Exercise prompt
Retype, word for word, the lines from the first line of the entries through the line that holds "Căn hộ, ban"; leave out the pictures.

───── Extracted records

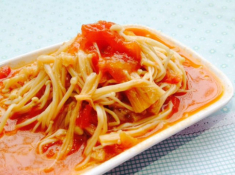 Nấm chưng cà chua giòn giòn, thơm thơm lại lạ miệng nhưng đưa cơm bất ngờ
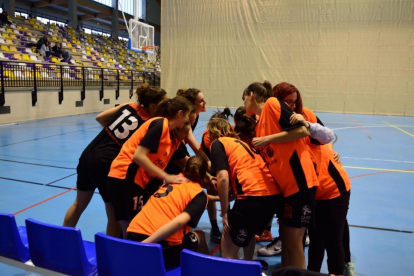 Las chicas del Baloncesto Soria Femenino, durante uno de los partidos que disputaron mientras competían.-BSF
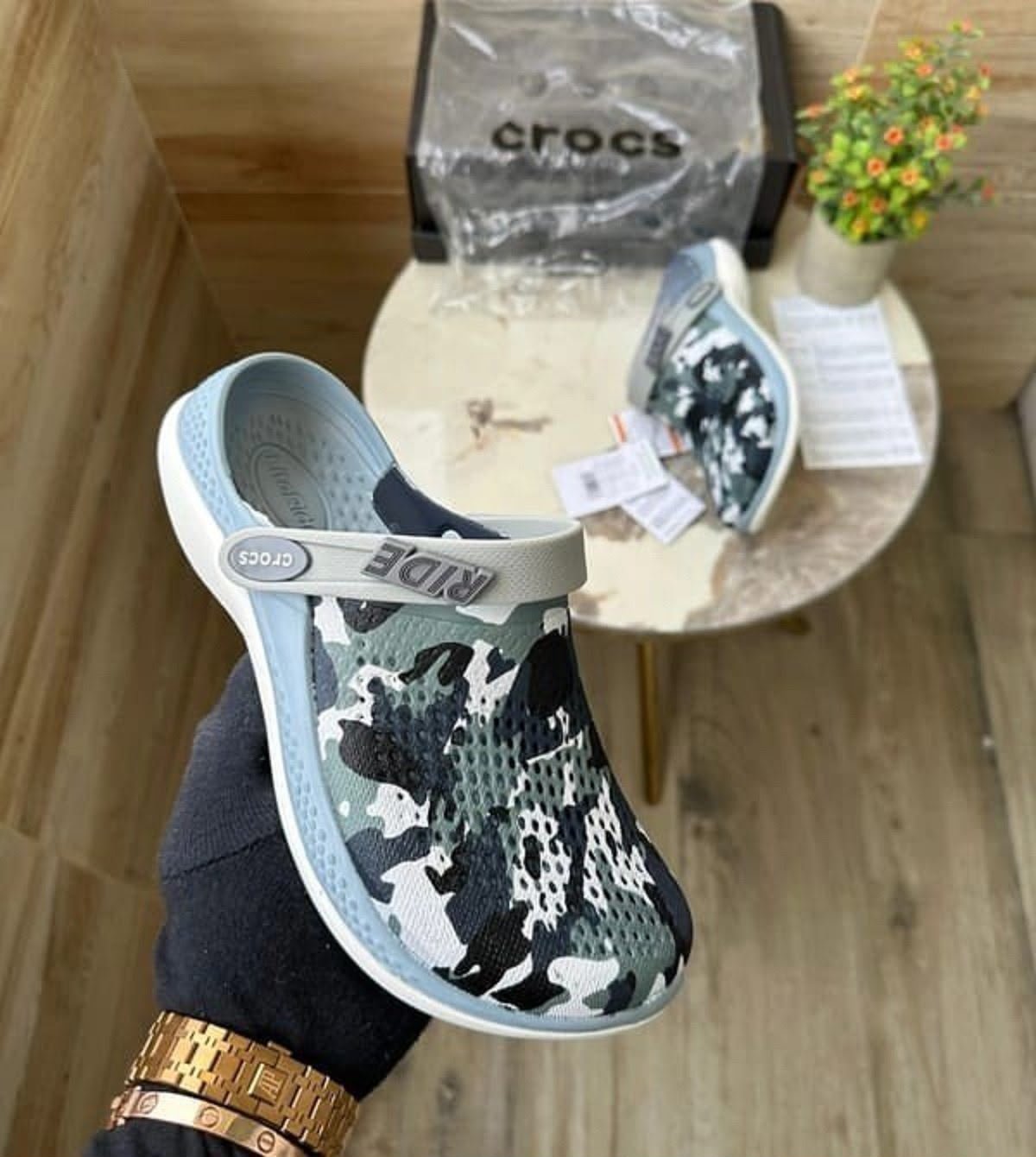Brand: Crocs lite ride 360 printed  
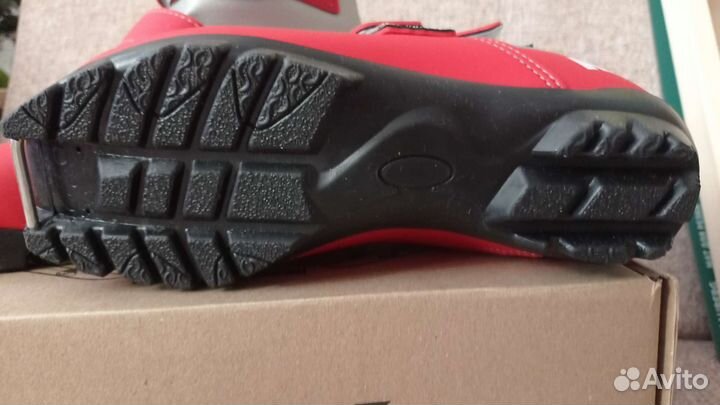 Лыжные ботинки р. 36 NNN Новые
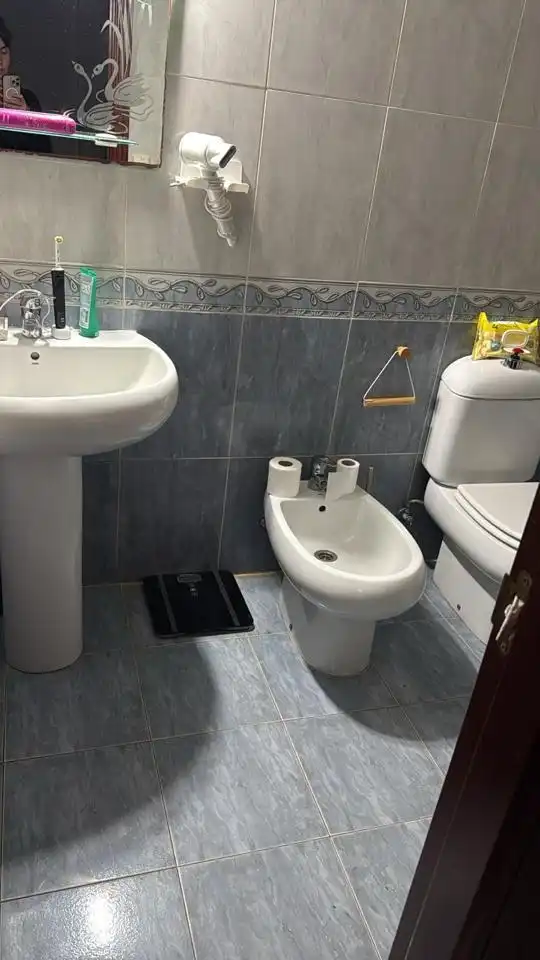 Bathroom of Flat for sale in Melilla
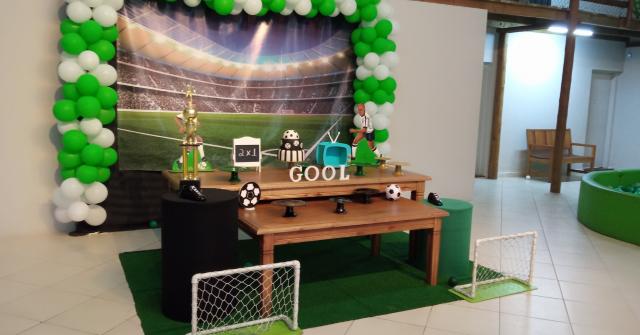 Buffet Mini Golf Eco festa de menino em São José dos Campos (Foto: Aline Oliveira)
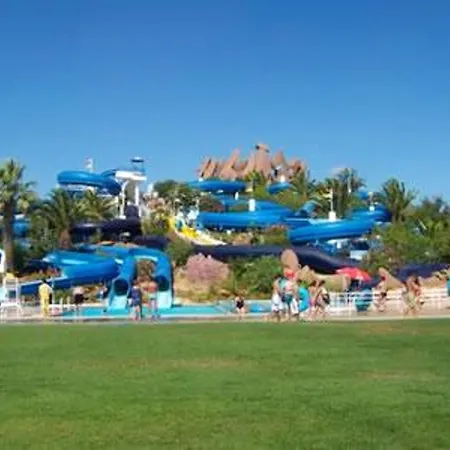 Spacious In Albufeira 80 M² Pool & Mountain View Apartamento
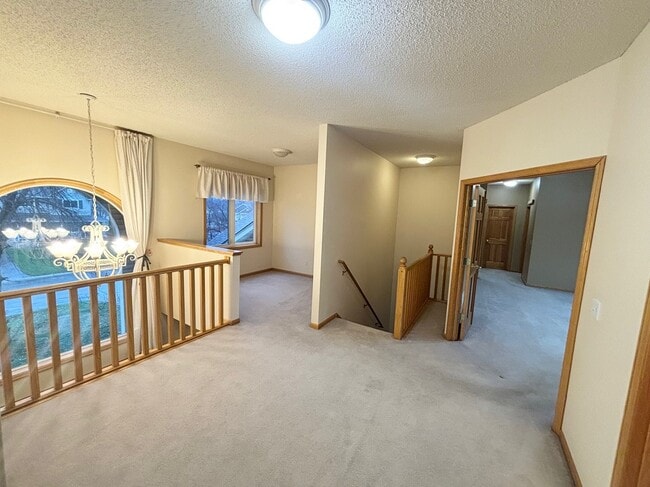 Photo - 15014 Valley View Pl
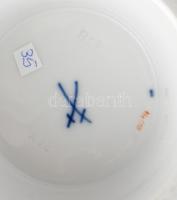 Meissen virágmintás porcelán váza, jelzéssel, javított, m: 17 cm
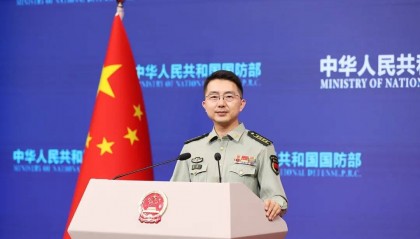 新任国防部新闻发言人正式亮相!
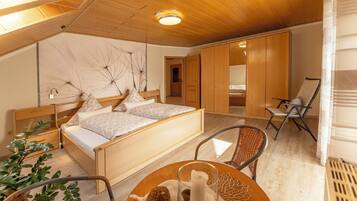 Căn hộ, ban công | 1 phòng ngủ, truy cập Internet không dây miễn phí, bộ trải giường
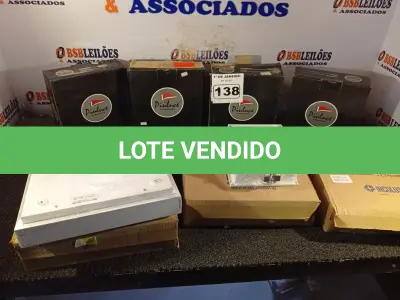 LOTE 138 - 01 LOTE COM VÁRIAS LUMINÁRIAS DE EMBUTIR. (NO ESTADO) ATENÇÃO! FAZER A VISITAÇÃO ANTES DE ARREMATAR, NÃO SABEMOS SE FUNCIONA. LEILÃO NÃO TEM GARANTIA E NEM DEVOLUÇÃO, SUJEITO A POSSÍVEIS AVARIAS VISÍVEIS/OCULTAS E/OU AUSÊNCIA DE COMPONENTES.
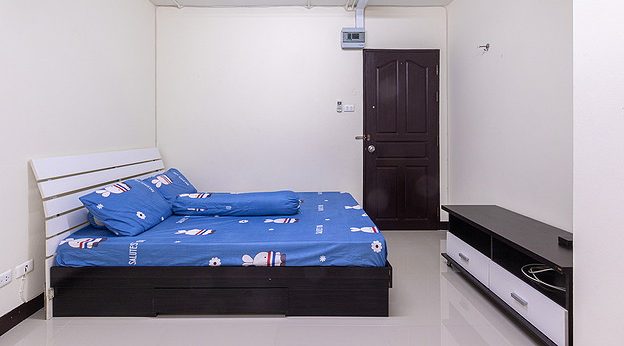 1 Bed Condo · Khlong San, bangkok — photo 3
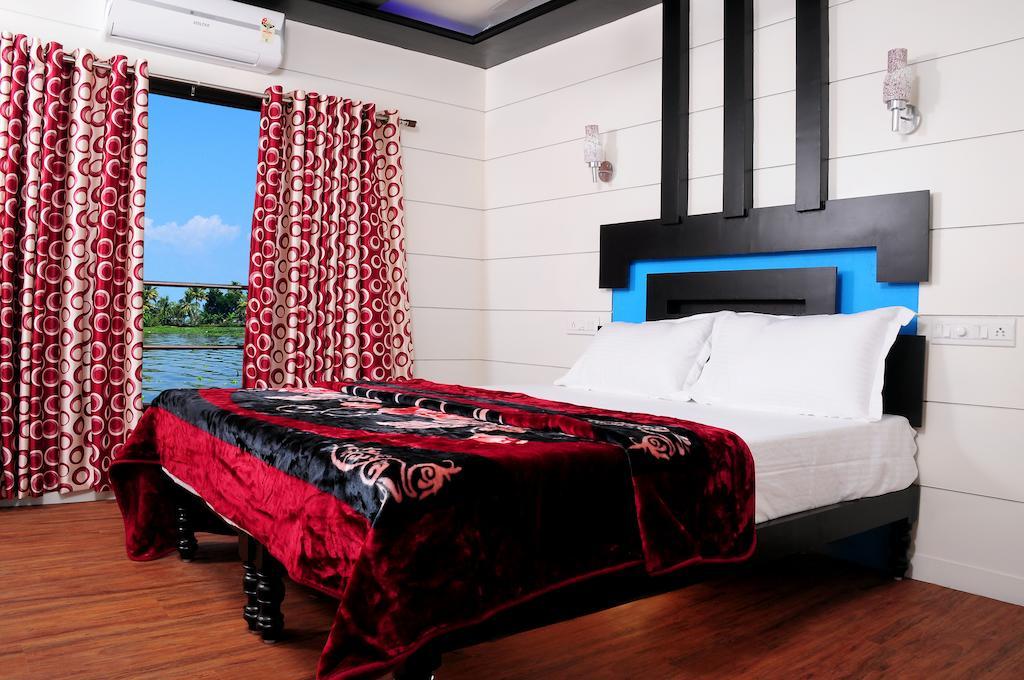 Vaishnav Tours Hotel Alappuzha Room photo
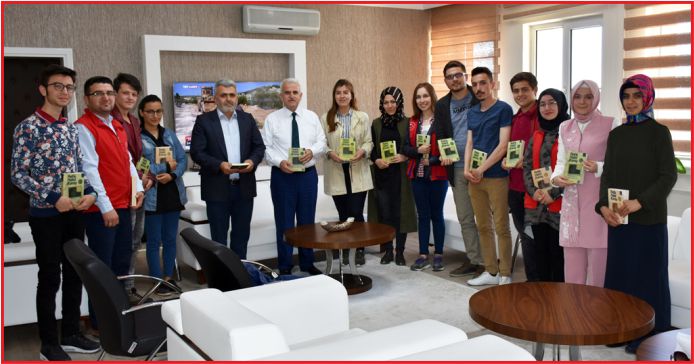 HAYALLERİNİZ VARSA KİTAP OKUYUN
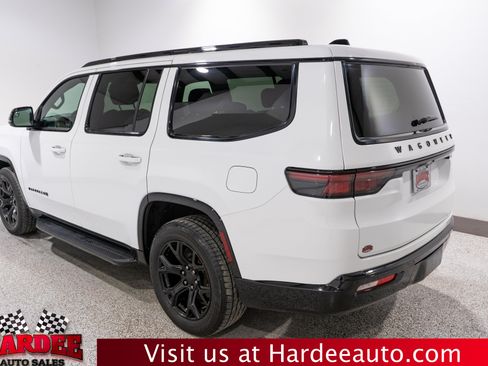 Used 2024 Jeep Wagoneer Series II AWD/4WD image 3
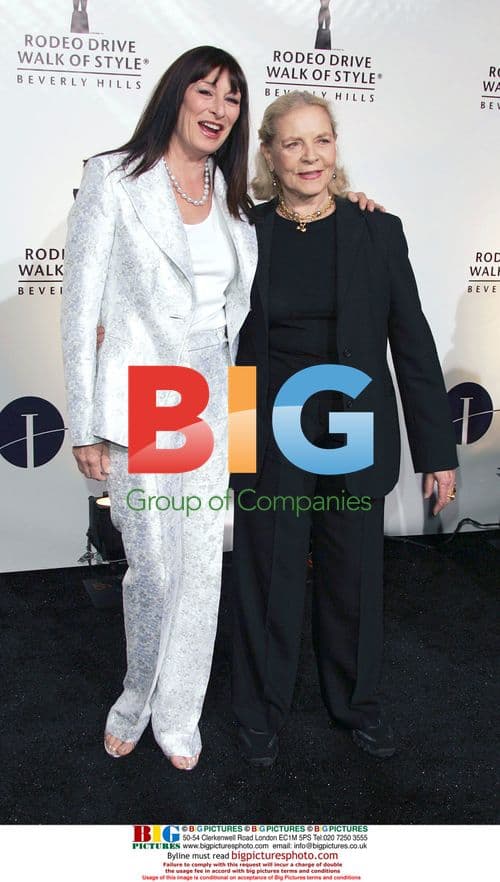 Angelica Houston and Lauren Bacall at 2005 Rodeo Drive Walk Of Style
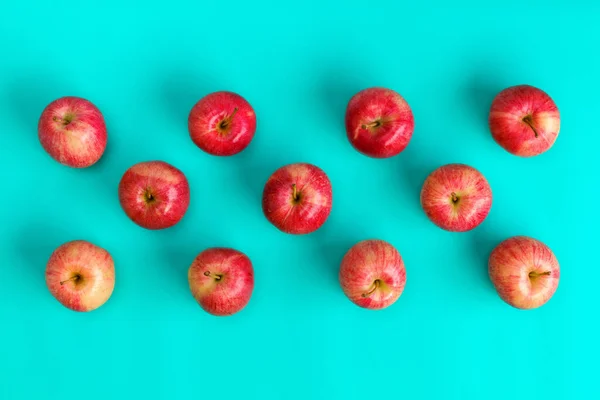 Fruchtmuster Roter Apfel Auf Blauem Hintergrund Flache Lage Draufsicht Pop — Stockfoto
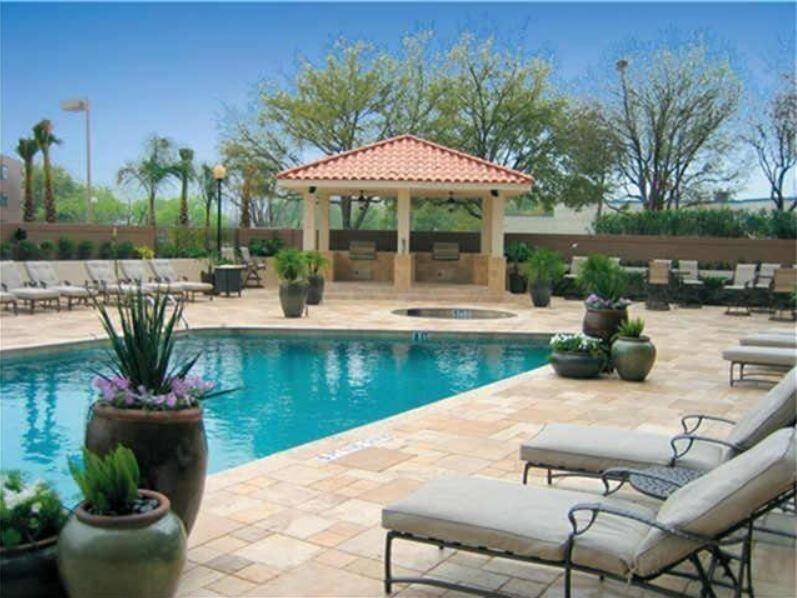 Pool, Jacuzzi & Gazebo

──────────

Result of the task
 Nấm chưng cà chua giòn giòn, thơm thơm lại lạ miệng nhưng đưa cơm bất ngờ
 Las chicas del Baloncesto Soria Femenino, durante uno de los partidos que disputaron mientras competían.-BSF
Brand: Crocs lite ride 360 printed  
 Лыжные ботинки р. 36 NNN Новые
 Bathroom of Flat for sale in Melilla
 Buffet Mini Golf Eco festa de menino em São José dos Campos (Foto: Aline Oliveira)
 Spacious In Albufeira 80 M² Pool & Mountain View Apartamento
 Photo - 15014 Valley View Pl
 Meissen virágmintás porcelán váza, jelzéssel, javított, m: 17 cm
 新任国防部新闻发言人正式亮相!
 Căn hộ, ban công | 1 phòng ngủ, truy cập Internet không dây miễn phí, bộ trải giường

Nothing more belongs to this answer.